**Input:**
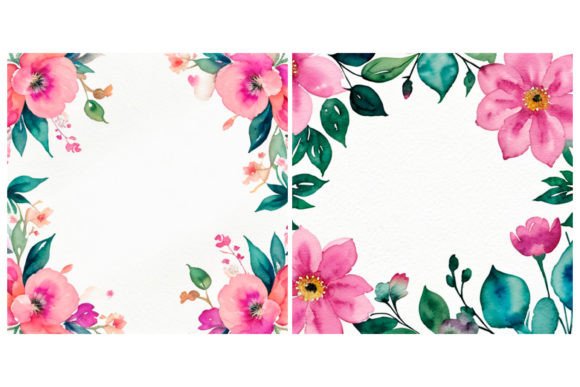 Flower Frame Pattern Watercolor Illustrations Review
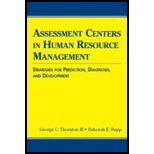 Assessment Centers in Human Resource Management  Strategies for Prediction, Diagnosis, and Development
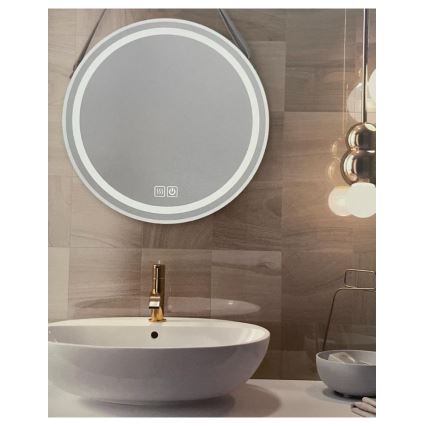 LED reguliuojamas vonios kambario šildomas apšviestas veidrodis LED/20W/230V 4000K IP44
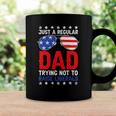 Just A Regular Dad Trying Not To Raise Liberals Voted Trump Coffee Mug Gifts ideas
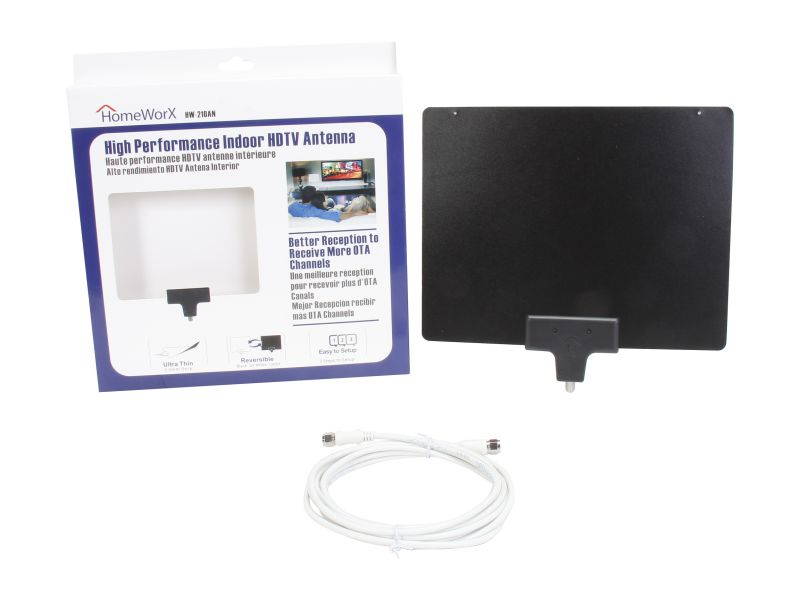 Mediasonic HomeWorX HW210AN Ultra Thin Indoor Digital HD TV antenna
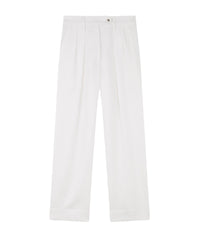Sabia trousers in linen - Optical White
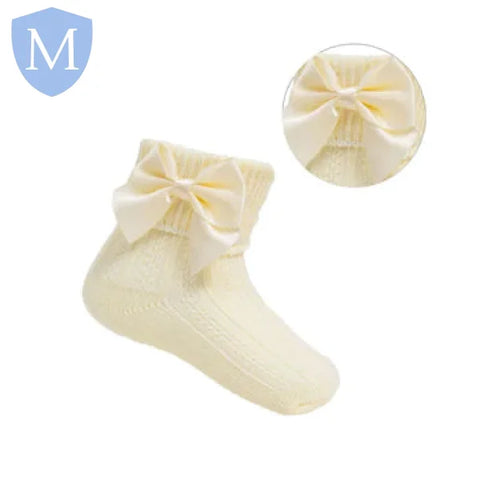 Large Bow Ankle Socks (S123) (Baby Socks) Mansuri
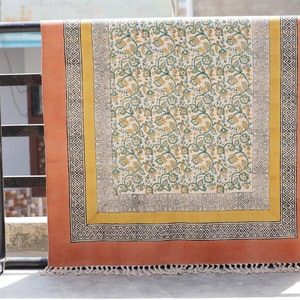 4x6 Feet Handmade Rug Bedroom Rug living room Rug Cotton Area Rug Hand block printed dhurrie Garden yoga mat 6x9 8x10 10x16 Feet Rug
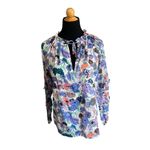Tanya Taylor  Floral Blouse Otis Top Size Small Photo 2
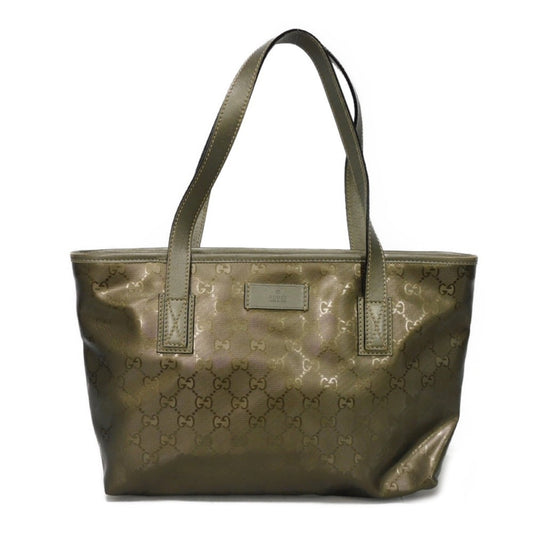 Gucci Gold Khaki Gg Imprimé Canvas Shoulder Bag Tote Bag ()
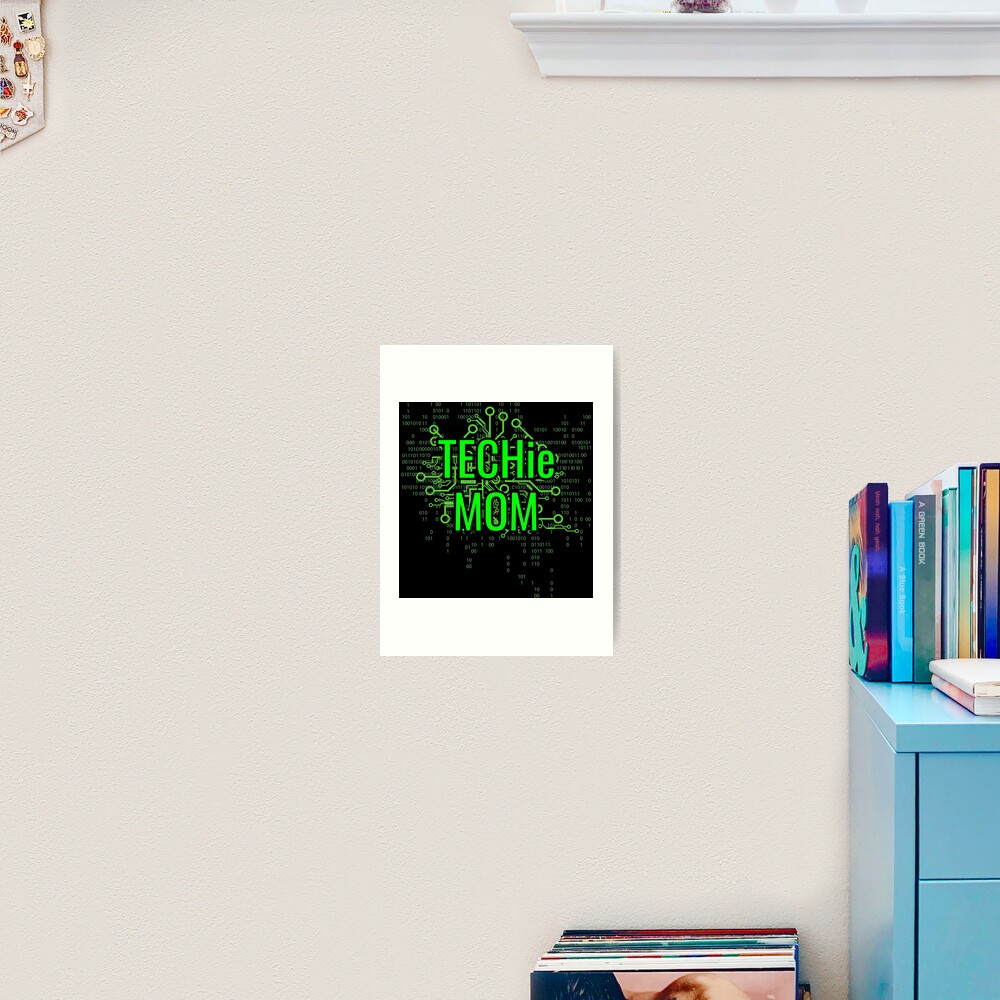 TECHie MOM Digital Green circuit Art Print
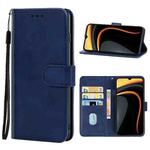 Leather Phone Case For Xiaomi Poco C31(Blue)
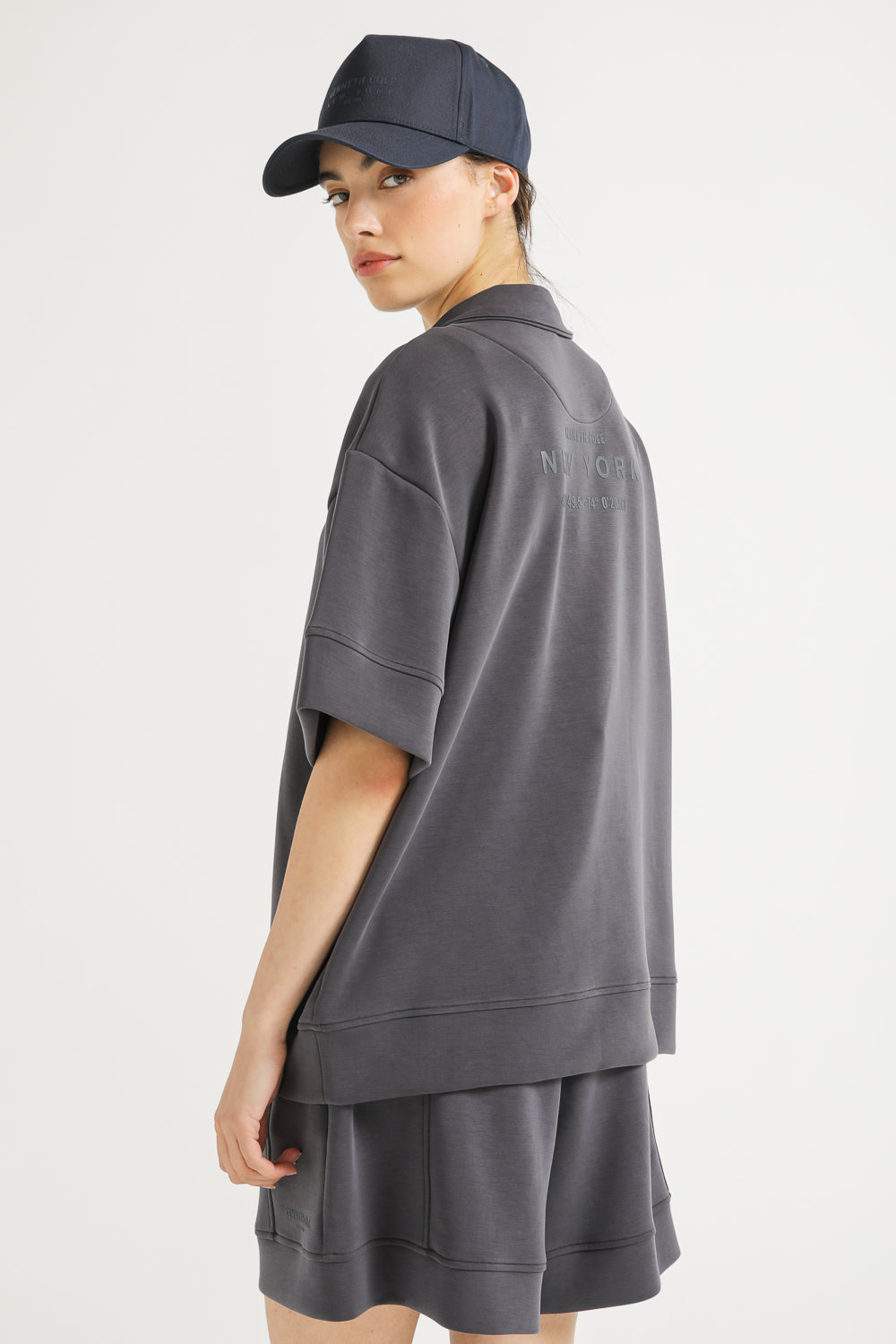 Interlock Half Zip Top
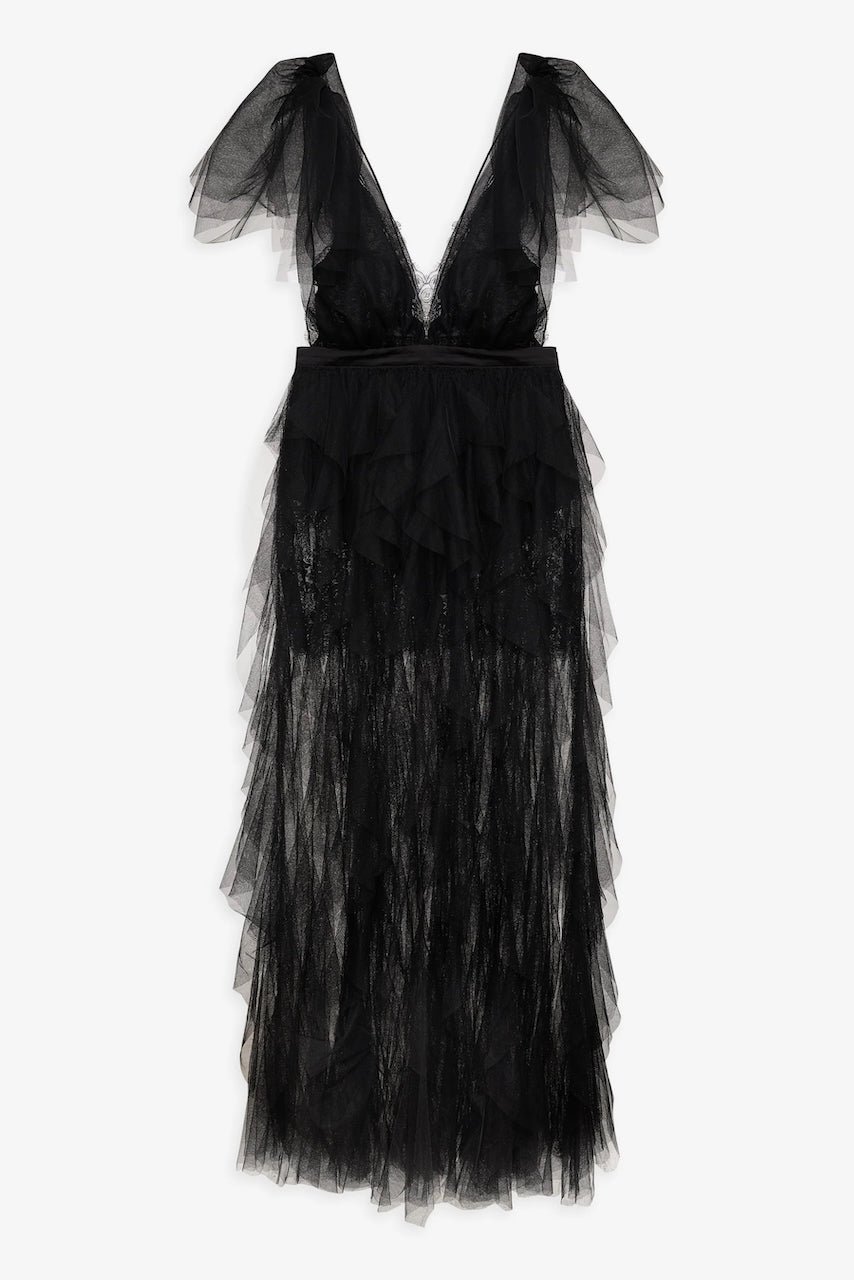 FOR LOVE & LEMONS MAXINE GOWN - BLACK photo 7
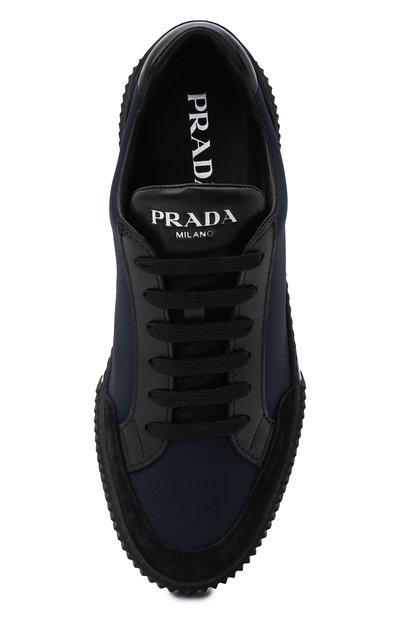 Комбинированные кеды PRADA, арт. 4E3467-3OF1-F0JPM, фото 5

**Task description:** Restate, word for word, each line from the one with "LED reguliuojamas vonios" to the end of the entries, both included, and keep every picture out.

**Response area:**
 LED reguliuojamas vonios kambario šildomas apšviestas veidrodis LED/20W/230V 4000K IP44
 Just A Regular Dad Trying Not To Raise Liberals Voted Trump Coffee Mug Gifts ideas
 Mediasonic HomeWorX HW210AN Ultra Thin Indoor Digital HD TV antenna
Sabia trousers in linen - Optical White
 Large Bow Ankle Socks (S123) (Baby Socks) Mansuri
 4x6 Feet Handmade Rug Bedroom Rug living room Rug Cotton Area Rug Hand block printed dhurrie Garden yoga mat 6x9 8x10 10x16 Feet Rug
Tanya Taylor  Floral Blouse Otis Top Size Small Photo 2
 Gucci Gold Khaki Gg Imprimé Canvas Shoulder Bag Tote Bag ()
 TECHie MOM Digital Green circuit Art Print
 Leather Phone Case For Xiaomi Poco C31(Blue)
 Interlock Half Zip Top
 FOR LOVE & LEMONS MAXINE GOWN - BLACK photo 7
 Комбинированные кеды PRADA, арт. 4E3467-3OF1-F0JPM, фото 5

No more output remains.